Em que medida este procedimento aproxima-se ou distancia-se de um certo ufanismo
no tom e tratamento da cultura brasileira e dos ideais socioculturais e políticos
defendidos pelo autor?
Há conceitos socioculturais, entretanto, que dispõem acerca de um projeto de
construção ou cultivo/construção da identidade do Brasil e do brasileiro. Do acento local
à pretensão de universalidade em sua obra literária, o autor poderia traçar o caminho
correto, tanto quanto o oposto e , até mesmo os desvios. É necessário verificar, por
exemplo, se a peça Calabar: o elogio da traição tem, de fato, mais brasilidade do que o
romance Budapeste, pelo simples detalhe de aquela retratar um herói (?) brasileiro e
este refletir também sobre a língua da Hungria.
Tal investigação sistemática também vai considerar os aspectos culturais e do
imaginário brasileiro com suas complexas diversidades, além dos aspectos ideológicos
e filosóficos envolvidos.
Analisar o percurso poético na obra de Chico Buarque, numa perspectiva que
elege como ponto de partida a trivalência música-teatro-palavra, o que pretendo
desenvolver como tese de doutoramento, apenas abre mais uma entre as pertinentes e
possíveis leituras da literatura do escritor carioca.
2- Objetivos:
O objetivo deste projeto é analisar o percurso da obra literária de Chico Buarque
na perspectiva de depreender uma certa autonomia poética do autor. Especificamente,
o estudo deste percurso deverá avaliar: a relevância da obra literária de Chico Buarque
na construção de conceitos culturais como o de brasilidade; a idéia de adaptação
literária como recurso intertextual, inclusive, no que diz respeito a afastamento e
aproximação das fontes; a influência e concomitância da produção musical desse autorcompositor; bem como os elementos que norteiam a atual discussão acerca da
permeabilidade dos gêneros e da simbiose autor/narrador/personagem.
3- Metodologia
Por tratar-se de uma pesquisa bibliográfica, as fontes primárias deste trabalho
são as quatro peças teatrais, uma novela e os três romances de Chico Buarque.
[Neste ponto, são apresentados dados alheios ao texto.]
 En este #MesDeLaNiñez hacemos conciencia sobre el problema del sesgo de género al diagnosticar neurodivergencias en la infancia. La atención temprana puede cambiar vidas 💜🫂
Portanto, pretende-se empreender um levantamento de aspectos que compõem essa
poética, tendo como ponto de partida, por evidência cronológica, a obra teatral, que
compreende as peças: Roda viva (1968), Calabar: o elogio da traição (1974), Gota
d’água (1975), Ópera do malandro (1978). Os aspectos poéticos serão, em seguida,
investigados na prosa do autor, tendo-se, portanto, como parâmetros para a
comparação de tal percurso, uma primeira experiência na prosa do autor, a saber
Fazenda modelo: uma novela pecuária (1974), e, mais posteriormente, os romances:
Estorvo (1981), Benjamim (1995) e Budapeste (2003), esses últimos, como ponto de
chegada da análise. Serão realizados cotejos dos textos em referência e o
levantamento do contexto sócio-histórico-político e cultural das obras primárias, a fim de
perceber as influências a que elas foram expostas.